Contudo, não é possível negar todo o histórico de contribuição da psicologia à manutenção da ordem,
opondo-se, justamente, às necessidades das maiorias populares.
Considerações Finais
A despeito do que se diz, o coronavírus e a COVID-19 não são democráticos ou
elitistas, assim como vírus ou doença nenhum(a) o são. É o metabolismo social no qual
esses se manifestam que deve ser analisado criticamente, com as consequentes
implicações para o desenvolvimento do vírus e da doença - o que não exclui o estudo
das mutações e evolução viral e patológica. Por mais que a transmissão e o contágio do
coronavírus tendam a ser mais “democráticos” - e mesmo nisso constatamos das
condições de vida como concreção dos antagonismos societários -, quando analisamos
quem morre, como e por que morrem em decorrência da COVID-19, assim como quem
vive, como e por que vive, temos explicitado a profunda desigualdade de nossa
sociedade: uma sociedade virulenta; um metabolismo social adoecido e adoecedor.

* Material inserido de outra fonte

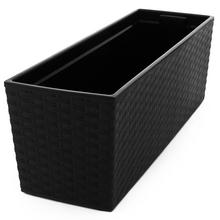 XXX625 HRANTÍK+VKLAD BEGONIA RATTAN ČIERNY 19x56x19cm - FLORASYSTEM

Nisso, demonstramos a necessidade de consideração da questão social na
análise sobre a determinação social da COVID-19 e suas múltiplas mediações, assim
como da saúde atravessada e constituída por ela, enquanto movimento da e para a
realidade. Se a supressão da questão social, sinônimo de superação do modo de
produção capitalista, não evita o surgimento de vírus e doenças, ao menos faz com que
suas respectivas abordagens estejam pautadas nas necessidades humanas. Tal
elaboração pode fornecer subsídios à compreensão e atuação da psicologia, refletindo
sobre a sua necessidade histórica presente, em termos das contribuições que essa pode
ofertar no panorama vivenciado, mesmo que parcas frente à totalidade social e às
necessidades daqueles(as) que nela se forjam e a produzem, mas orientadas eticamente
à construção de uma outra sociabilidade.